Output the full listing below exactly; the images stay out.

>>

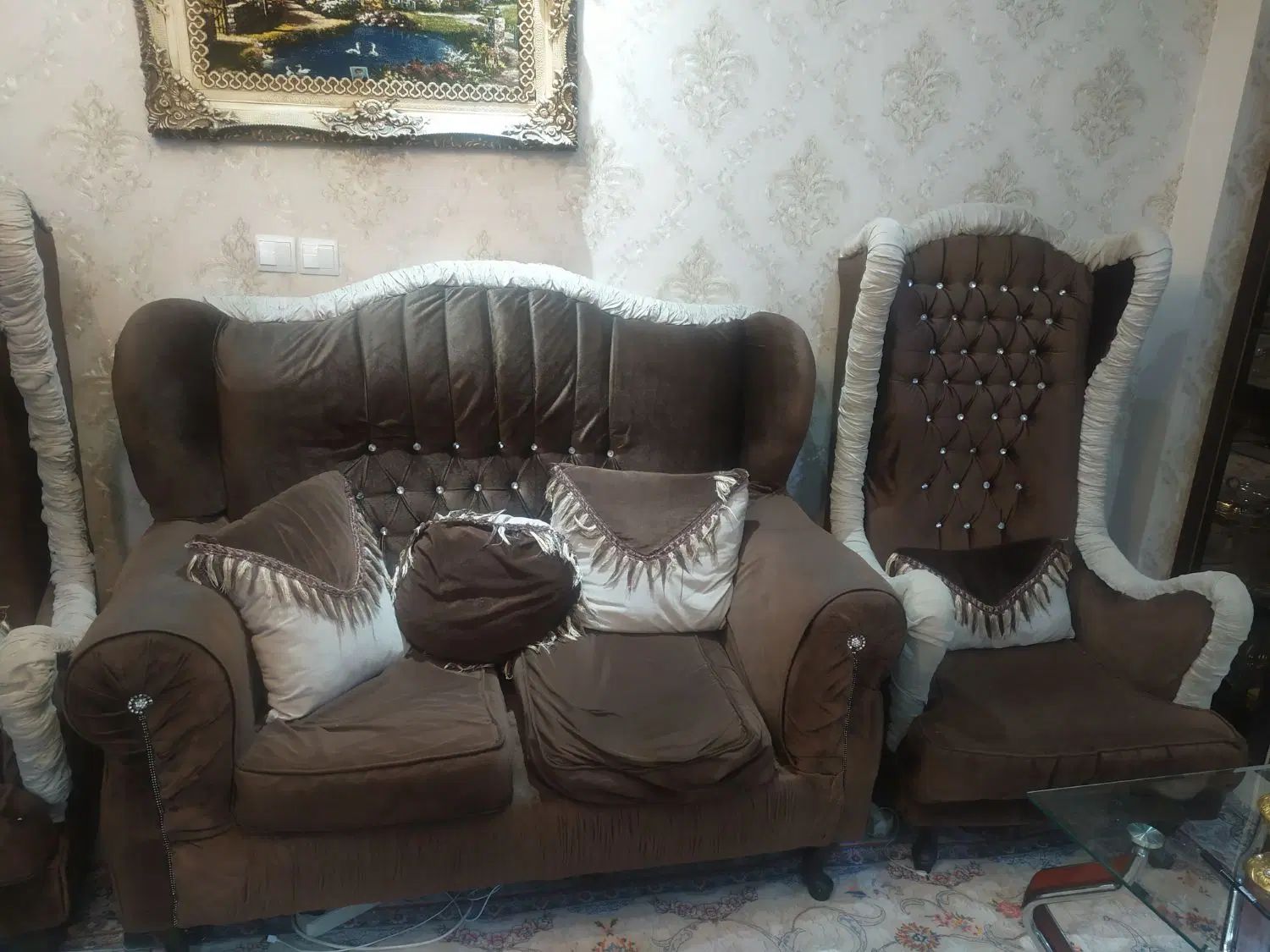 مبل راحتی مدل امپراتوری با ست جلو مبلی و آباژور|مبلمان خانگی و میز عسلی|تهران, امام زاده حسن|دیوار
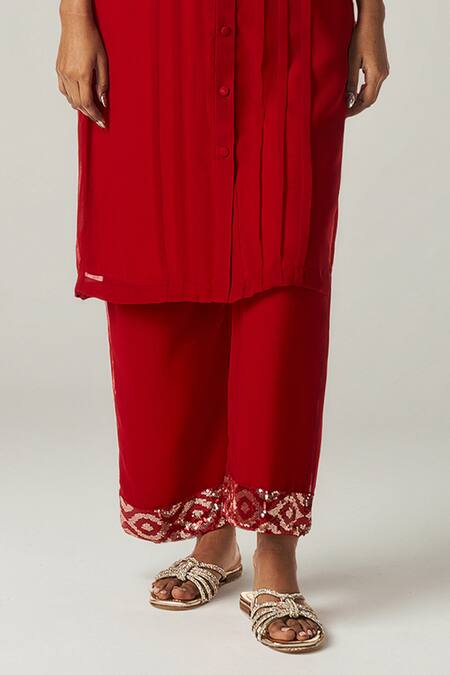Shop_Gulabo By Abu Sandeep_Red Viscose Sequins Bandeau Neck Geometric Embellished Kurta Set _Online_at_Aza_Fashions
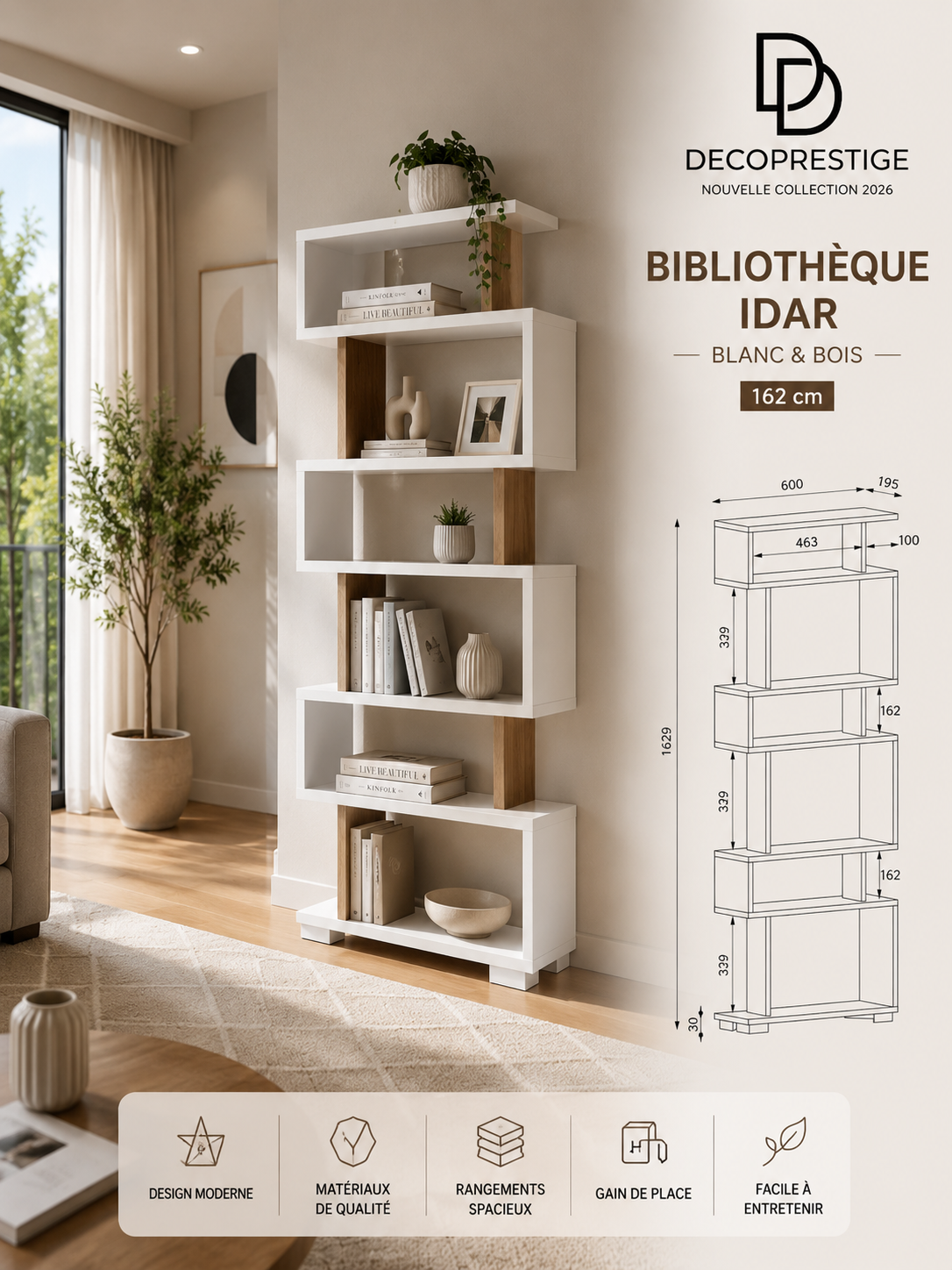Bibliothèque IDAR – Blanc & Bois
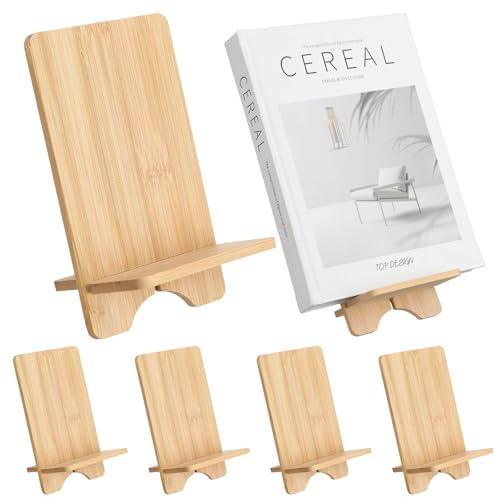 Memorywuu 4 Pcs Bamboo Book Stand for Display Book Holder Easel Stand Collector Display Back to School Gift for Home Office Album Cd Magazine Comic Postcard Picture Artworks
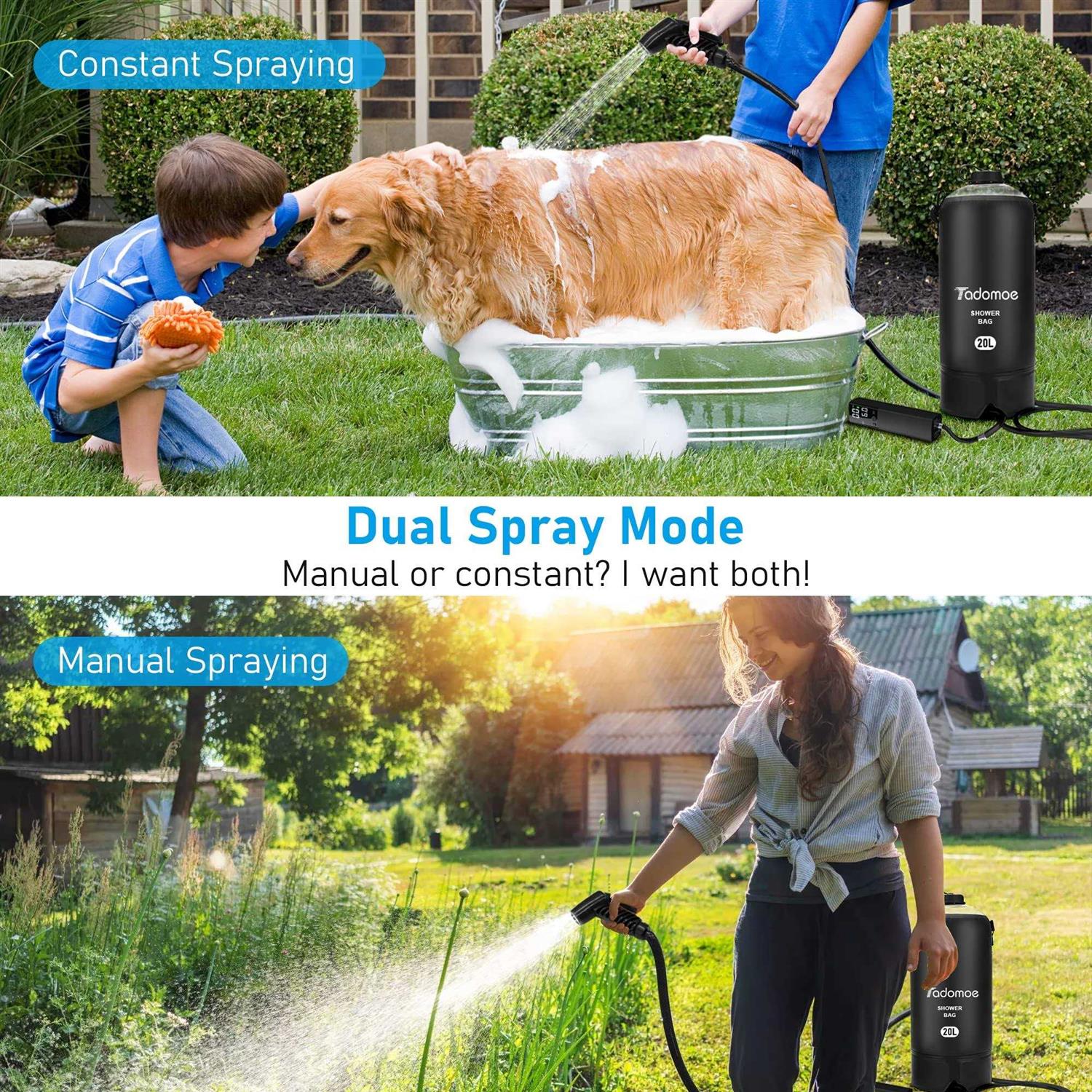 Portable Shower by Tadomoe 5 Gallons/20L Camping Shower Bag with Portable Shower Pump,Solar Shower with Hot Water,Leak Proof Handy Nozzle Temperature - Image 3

<<

Exercise result:
 مبل راحتی مدل امپراتوری با ست جلو مبلی و آباژور|مبلمان خانگی و میز عسلی|تهران, امام زاده حسن|دیوار
Shop_Gulabo By Abu Sandeep_Red Viscose Sequins Bandeau Neck Geometric Embellished Kurta Set _Online_at_Aza_Fashions
Bibliothèque IDAR – Blanc & Bois
 Memorywuu 4 Pcs Bamboo Book Stand for Display Book Holder Easel Stand Collector Display Back to School Gift for Home Office Album Cd Magazine Comic Postcard Picture Artworks
 Portable Shower by Tadomoe 5 Gallons/20L Camping Shower Bag with Portable Shower Pump,Solar Shower with Hot Water,Leak Proof Handy Nozzle Temperature - Image 3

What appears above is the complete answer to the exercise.